I recently switched my dog to blue buffalo

http://www.bluebuffalo.com/products/dogs/lp-adult-small-chick.shtml

and my dog is picking out the black pieces (lifesource bits) and not eating them

is this because they are like vegetables compared to mcdonalds for humans

where blue buffalo is healthy and not as tasty as purina to them?


----------



## kafkabeetle (Dec 4, 2009)

I'd say that's probably true. On the other hand Sydney wasn't too thrilled with Blue either for whatever reason. It's good food, and she ate it, but not with gusto. We recently switched to Taste of the Wild and she LOVES it. They're both good foods, so it just goes to show that dogs have personal preferences just like people.

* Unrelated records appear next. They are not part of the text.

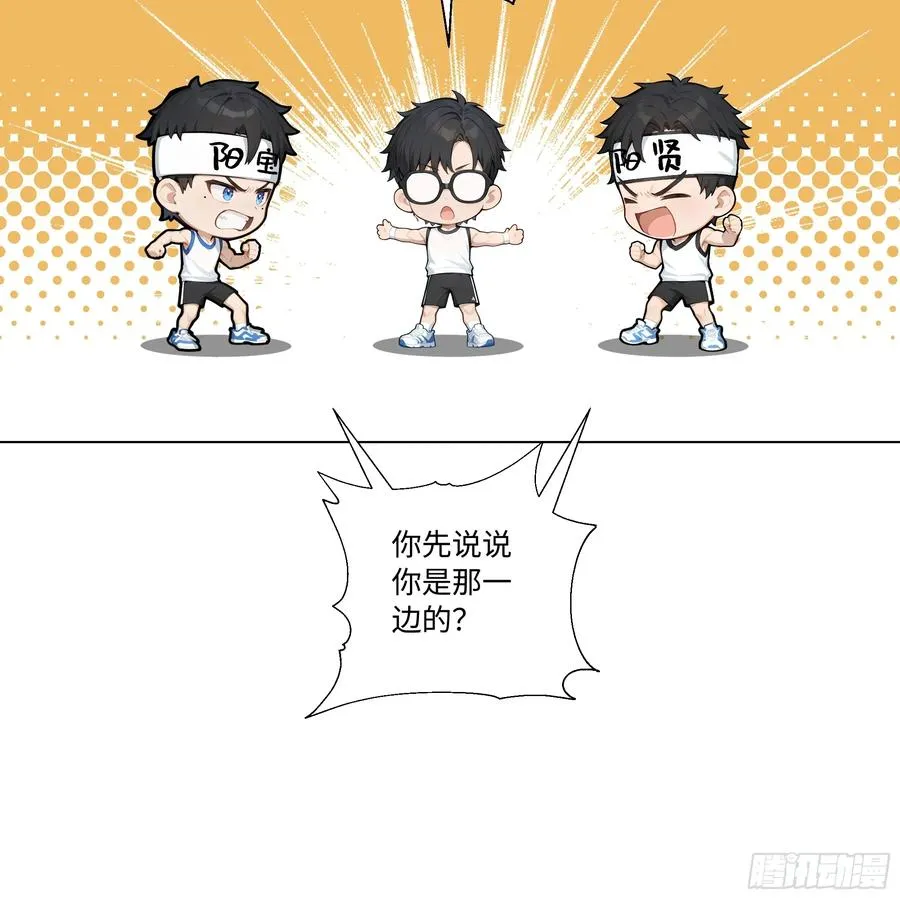 72 接机8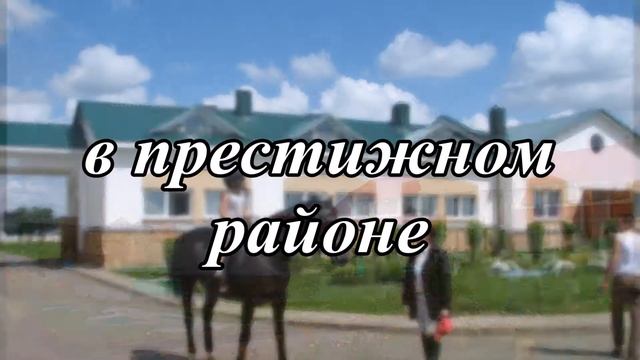Фита/дом отдыха/продажа смотреть онлайн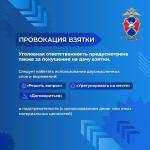 Фотодокумент 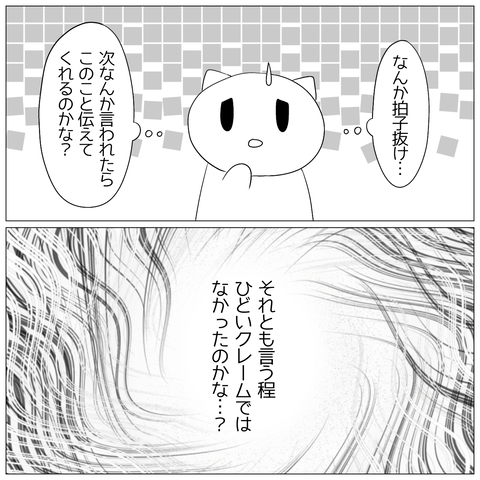 無題1293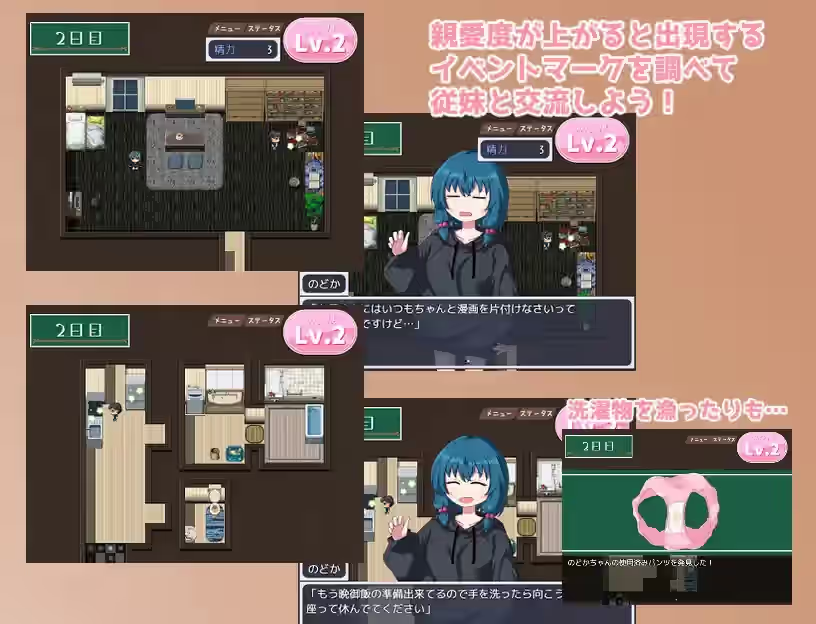 田园般的日子 截图 6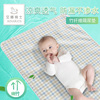 艾娜骑士新生婴儿隔尿垫竹纤维，防水尿布垫竹棉床垫，床席超大号可洗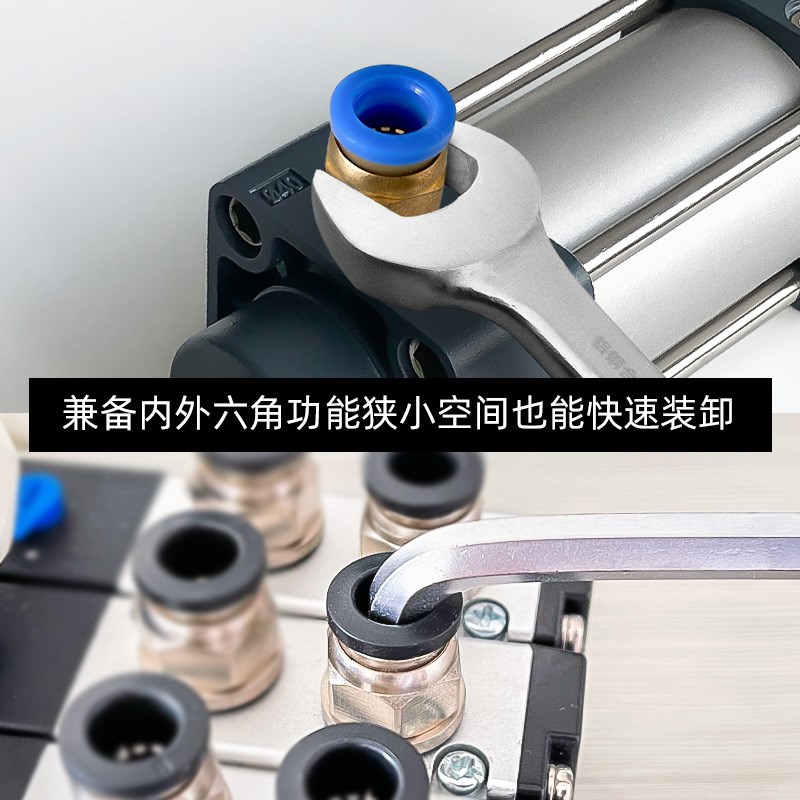 气动气管快速e接头PL快插螺纹直通直角配件大全弯头PC 4 6 8-02 M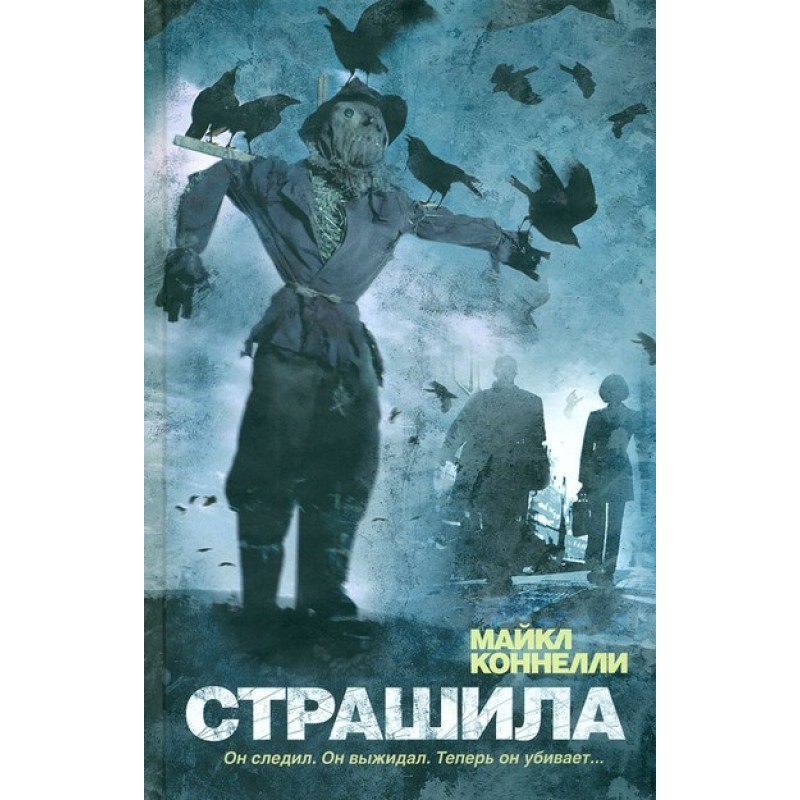 Scarecrow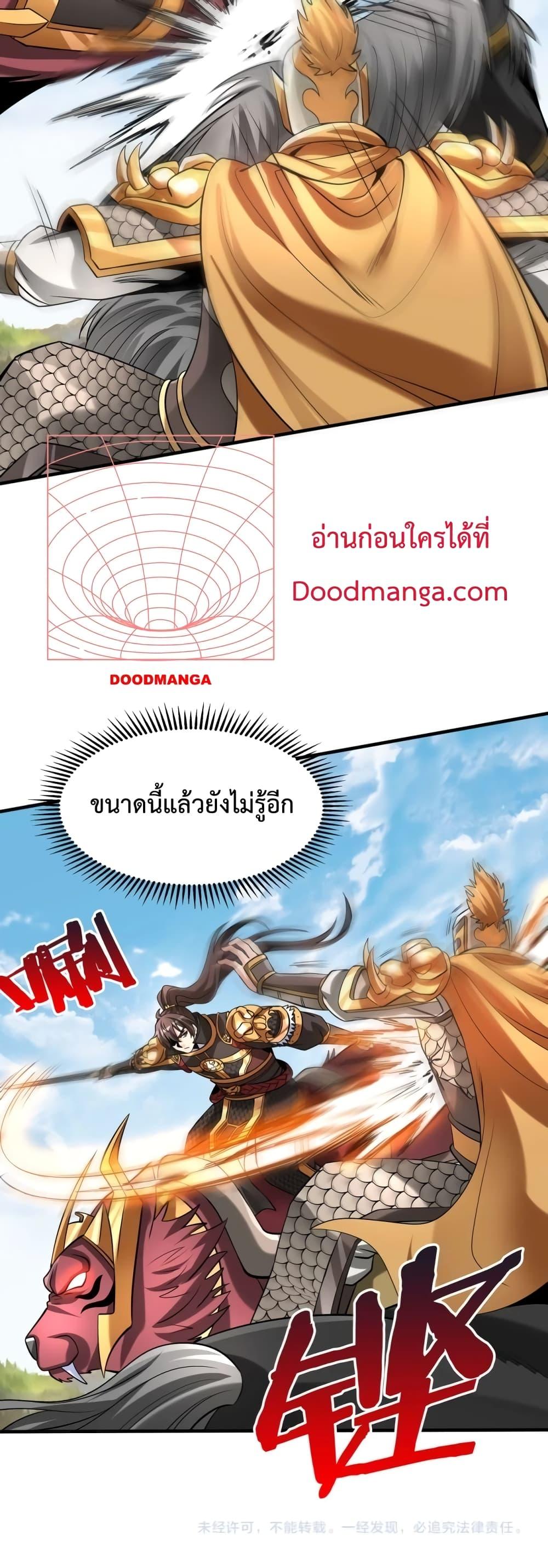 I Kill To Be God เป็นหนึ่งใต้หล้าด้วยระบบสังหารสุดแกร่ง ตอนที่ 84 หน้า 41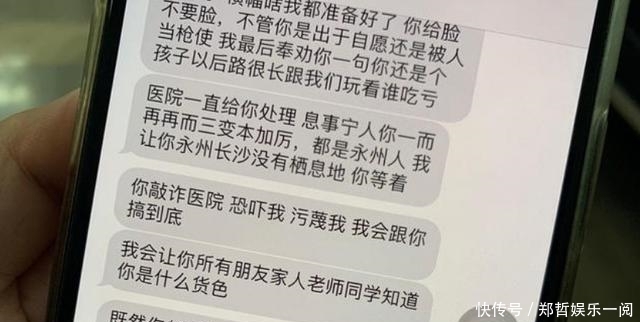  小青|女大学生花6.5万隆胸，术后大小不一怒维权，却反被告上法庭？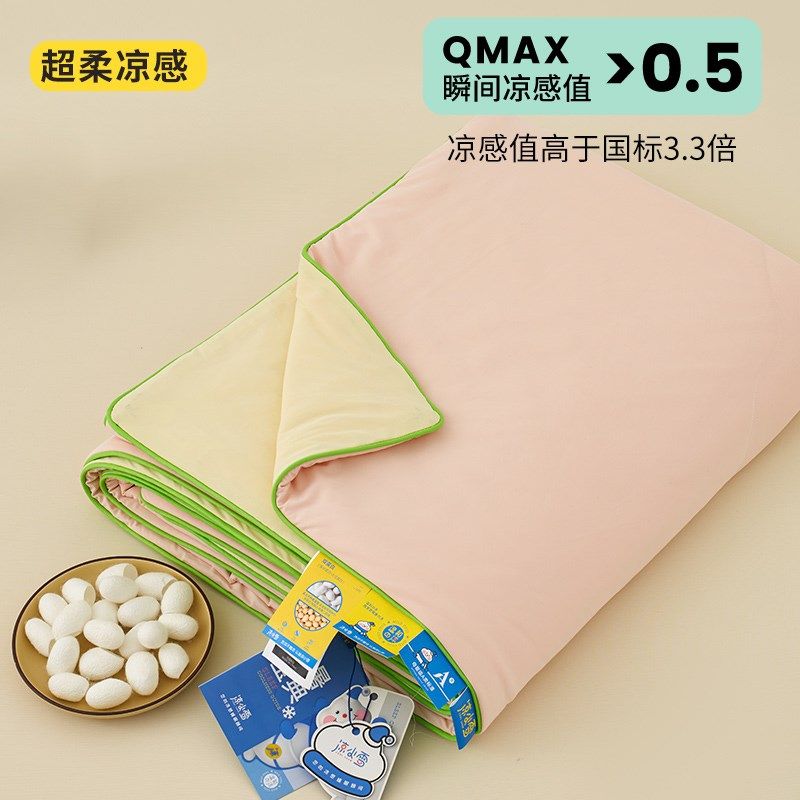 凉感儿童空调被冰丝夏凉被幼儿园夏季薄款被子宝宝被芯可机洗夏天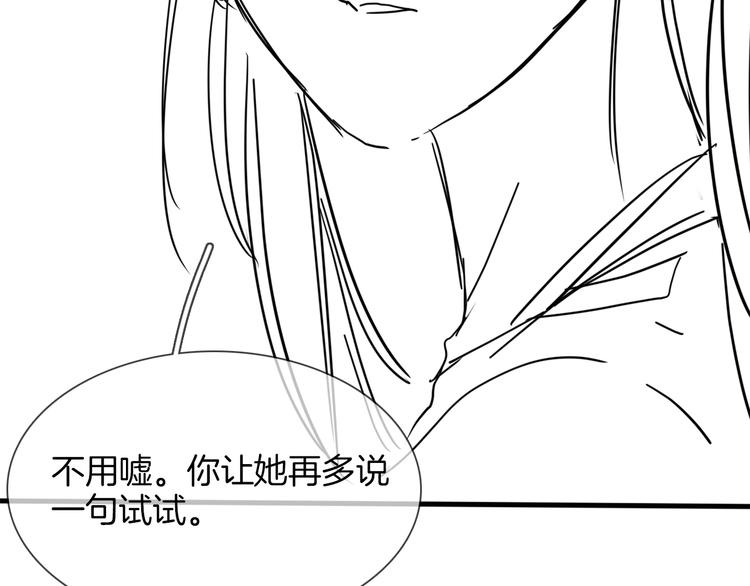 第29话  阻碍162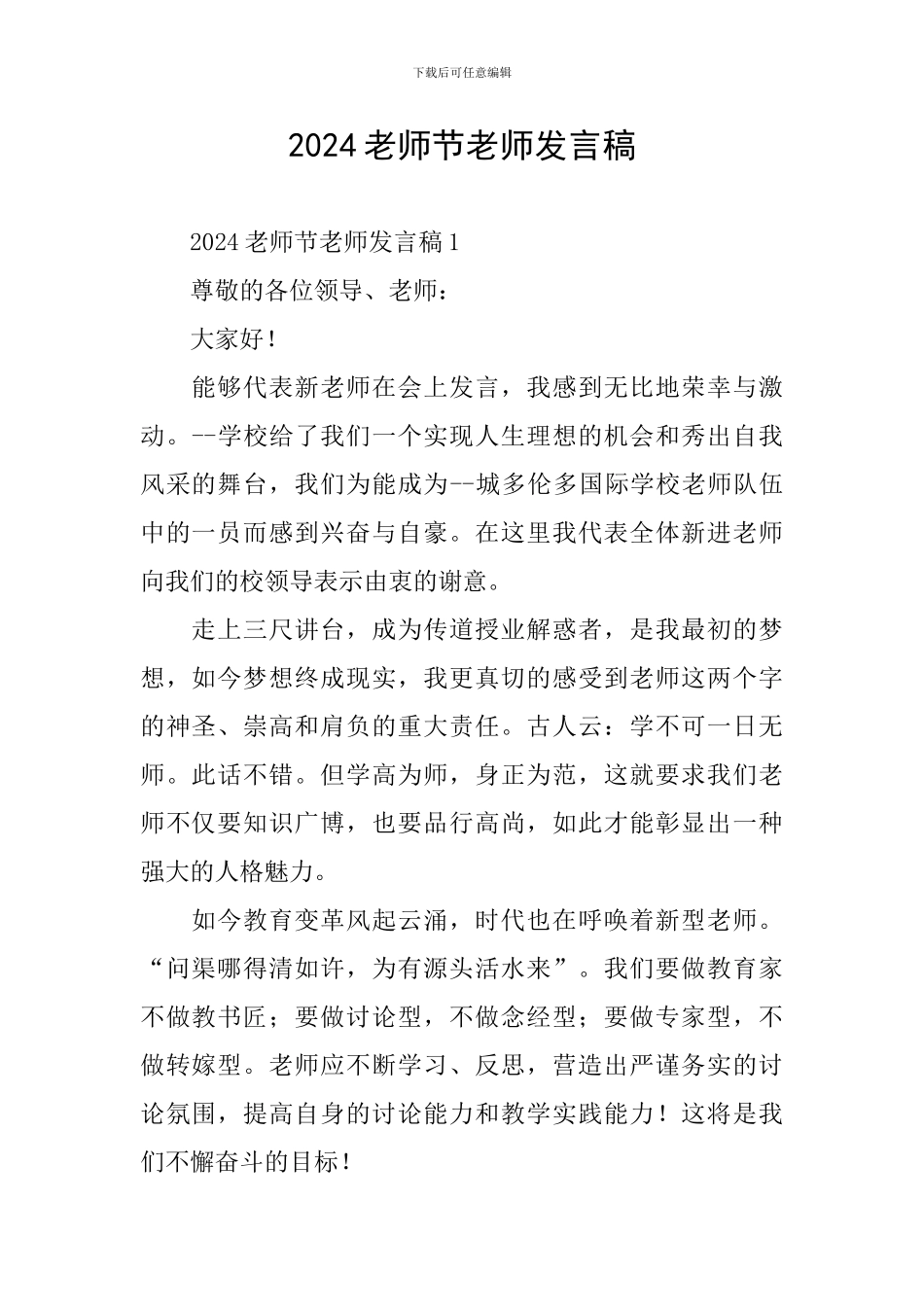 2024教师节老师发言稿_第1页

You might try switching to something else your dog enjoys more when your current bag runs out, but I wouldn't sweat it.


----------



## [email protected] (Mar 11, 2011)

Hey I work for Nutro as a Pet Nutrition specialist and I'm also working at food store with a guy who used to Rep for Blue Buffalo and it is a great food. Rest assured though that you are not the first person to have this happen. You can try mixing a tiny bit of olive oil into it, sometimes dogs just like their vitamins and food a little coated. If that doesn't work, your best bet is to switch to a food in which all of the nutrients are already in the kibble. Nutro has a fantastic small breed formula here's a link where you can see information about it http://www.nutro.com/natural-choice-dog/adult-small-dog-breeds.aspx


----------



## kafkabeetle (Dec 4, 2009)

[email protected] said:


> If that doesn't work, your best bet is to switch to a food in which all of the nutrients are already in the kibble.


Well, the "nutrients" _are_ in the kibble. The lifesource bits are just a different kibble-type mixed in. It's like the "berries" in Kix cereal, lol.


----------



## Willowy (Dec 10, 2007)

kafkabeetle said:


> Well, the "nutrients" _are_ in the kibble. The lifesource bits are just a different kibble-type mixed in. It's like the "berries" in Kix cereal, lol.


IDK. . .I read somewhere that the vitamins are only in the "lifesource bits". That doesn't really make sense to me (what are they putting in the kibble?), I'll see if I can find something. Maybe on Blue's website. . .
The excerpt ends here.